How did this change when New York became the U.S. epicenter of the SARS-CoV-2 pandemic? Was the transition to taking care of adult patients gradual or sudden? Were you deployed to a different hospital or part of the hospital? How prepared did you feel?
Dr. Dunbar: We experienced the COVID-19 pandemic like much of the rest of New York City – it started as a slow and uncertain process, and then it hit us all at once. In initial conversations, like everyone else, we did not know exactly what was coming. We started with small changes like working from home on nonclinical days and canceling family-centered rounds to conserve personal protective equipment (PPE). In mid-March, we were still expecting that redeployment to adult floors was a highly unlikely scenario. We made work-from-home schedules and planned projects we would work on while social distancing. We planned journal clubs about emerging evidence on COVID-19. However, things happened fast, and many of these plans were scrapped.

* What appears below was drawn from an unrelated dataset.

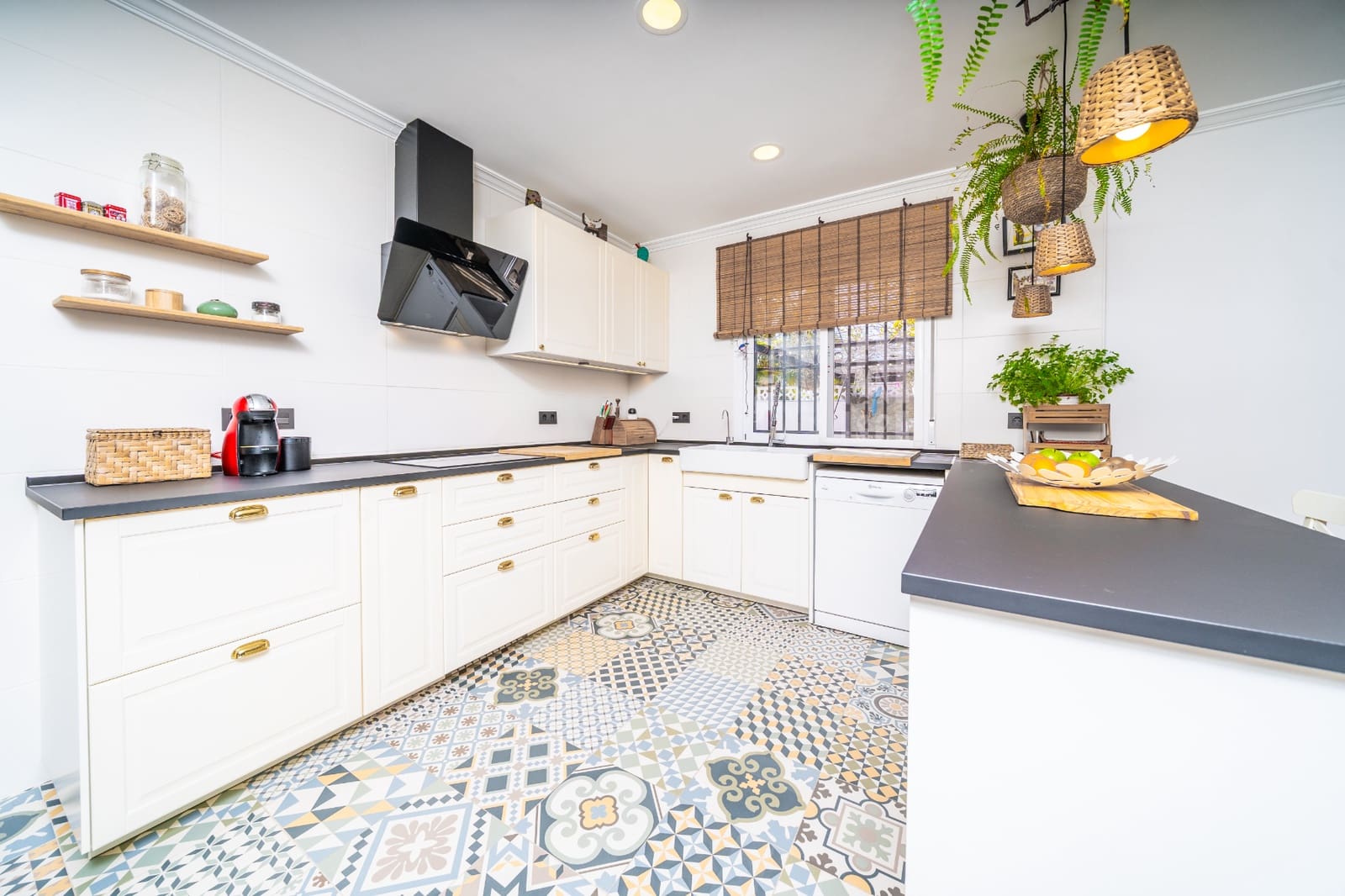 4 bedroom Villa for sale in La Escuera with pool - € 599,000 (Ref: 8840256)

On Saturday, March 28, we closed the main floor of the children’s hospital because so few pediatric patients were being admitted. Two days later, we admitted our first cohort of adult COVID-19 patients, all more than 30 years old. They were transferred en masse from an outside hospital emergency department that desperately needed our beds. They arrived all at once, and they all required respiratory support. At the last hospitalist division meeting before the adults arrived, we had time for only one priority set of information, and so we chose end-of-life care. We reviewed scripts for advance care planning and logistics of death certificates. As fast as things changed for us, they changed even faster for the patients. Most were relatively healthy people who rather suddenly found themselves isolated, on oxygen, dictating their final wishes to pediatricians in full protective gear. Many, many patients got better, and of course, several spent their last moments with us. One physician assistant, who works closely with the hospitalists, spent the last 5 hours of an elderly patient’s life holding her hand and helping her FaceTime with family.
For the most part, the patients came to us. We worked with our own colleagues and our own nurses, on our own territory. A few of my colleagues were briefly redeployed to a series of conference rooms that were used for several weeks as overflow space for more stable COVID-19 patients. Staffing by the pediatrics teams was so robust, with willing volunteers from every corner of the children’s hospital, that we were not needed for long.
During the early days, there was no clinical pathway to follow to care for COVID-19 patients – it didn’t exist for this novel and variable disease. We created a platform to share documents and resources in real time as they became available to us. We used group texts and emails to learn from our experiences and encourage one another. Importantly, no one was afraid to ask for help, and we relied on our adult colleagues when patients started to decompensate. Adult critical care came to our aid for all rapid responses for patients older than 30. Pediatric critical care, in their infinite flexibility, was responsible for anyone younger.